Christl and her Italian costume department team had just shy of 10 weeks to weave, dye and stitch the entire wardrobe while also making crosses and rings and doing fittings. “It was long working nights, not much sleep, long working days, not many weekends,” she says. “I was so embraced by the Italian costume crew. It’s not every day you have the chance to do something like this.” 

Cross dressing:  Creating the religious bling

Bespoke jewellery was created for the principal cast members including John Lithgow

Source: Phillipe Antonello / Focus Features

Bespoke jewellery was created for the principal cast members including John Lithgow

Costume designer Lisy Christl created bespoke jewellery and crosses for all the principal cast members — including Ralph Fiennes, Stanley Tucci, John Lithgow and Isabella Rossellini — and each item was informed by the character’s traits to subtly add to the on-screen portrayal.

“Sometimes when we start the process, we don’t know who is going to be the lead actor. In this case I knew early on that Ralph, Stanley, John and Isabella were all going to be a part of Conclave,” says Christl.

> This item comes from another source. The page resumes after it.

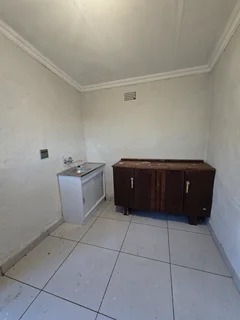 Apartment Available for a single male/female Rental in Solheim/Germiston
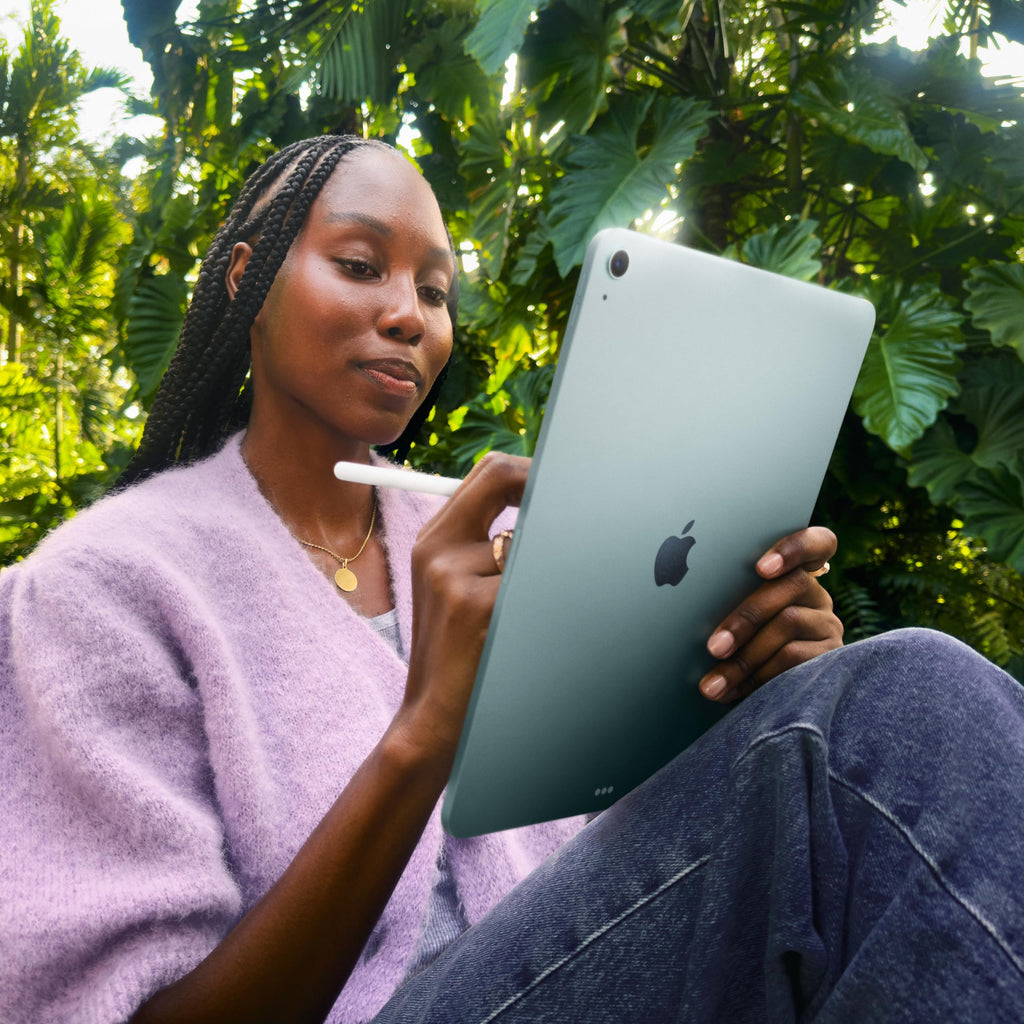 11-inch Wi-Fi 128GB Space Gray iPad Air A939576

She sent sketches to the main cast members, including several crucifix designs to Fiennes from which to choose for his Cardinal Lawrence portrayal. Every cross, cufflink and ring worn by Lawrence was picked by the actor.

“We worked with this beautiful jewellery maker from Florence,” says Christl. “It’s a third-generation family enterprise I was introduced to by our Italian costume supervisor.”

The Florence-based jeweller ended up making every item of jewellery in the movie. “It’s not that difficult to learn about the symbols,” says Christl. “But knowing how you can bring all this together — and to individualise, at least for our main cast, exactly what fits to their inside out, their personality, their characters — is key.”